*Activity*. Transcribe each line below verbatim; pictures excluded.

*Dataset excerpt*.
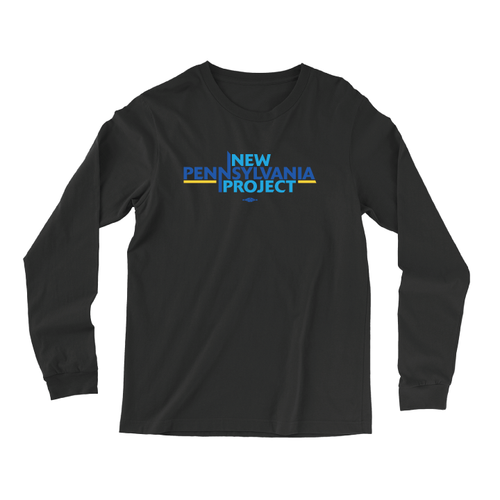 New Pennsylvania Project (Black Long-Sleeve Tee)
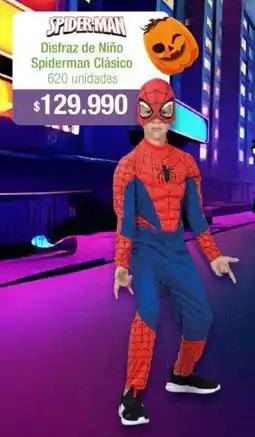 Jumbo Disfraz de niño spiderman clásico oferta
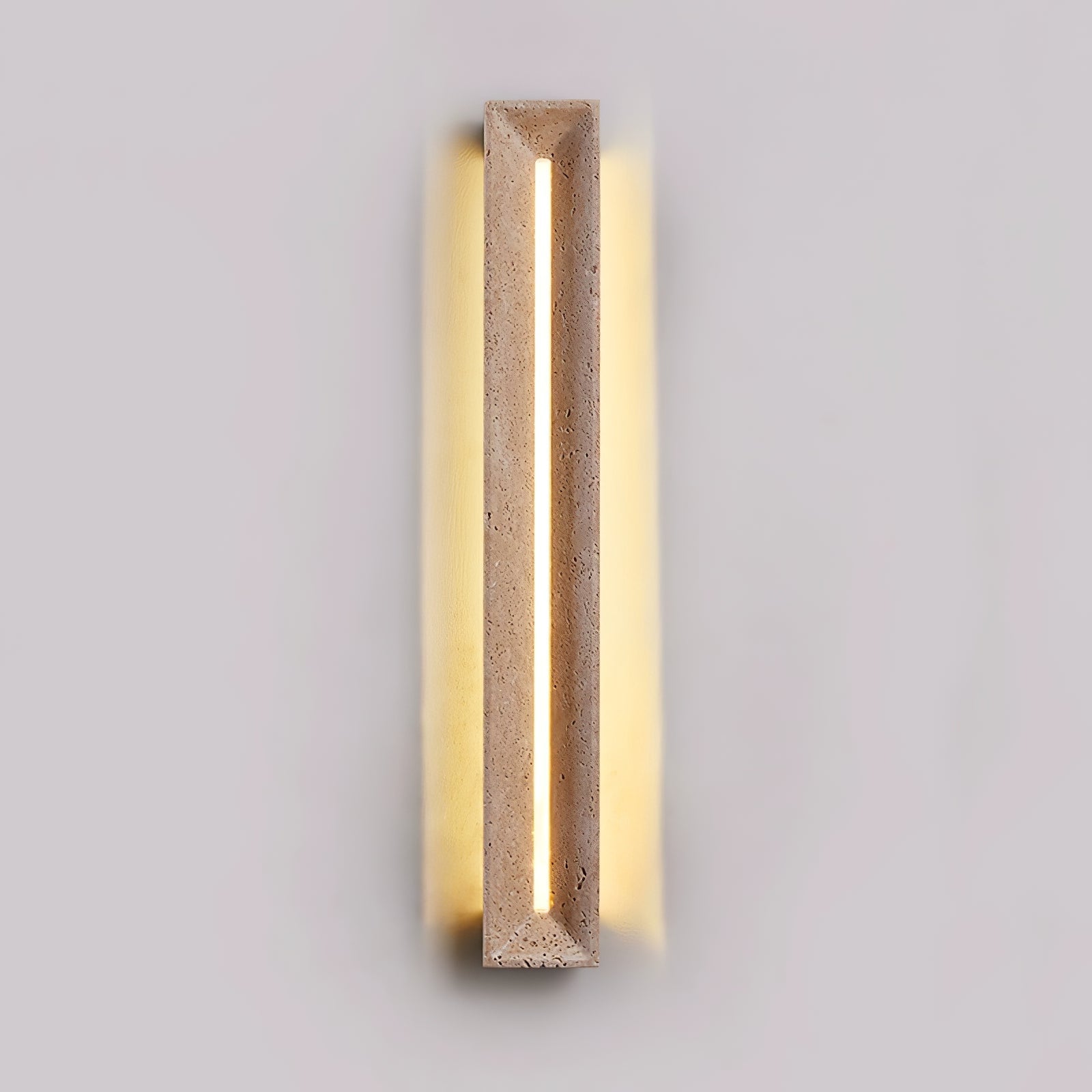 Anoren Minimalist Travertine Wall Light - Letslighting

*Response to the exercise*.
 New Pennsylvania Project (Black Long-Sleeve Tee)
 Jumbo Disfraz de niño spiderman clásico oferta
 Anoren Minimalist Travertine Wall Light - Letslighting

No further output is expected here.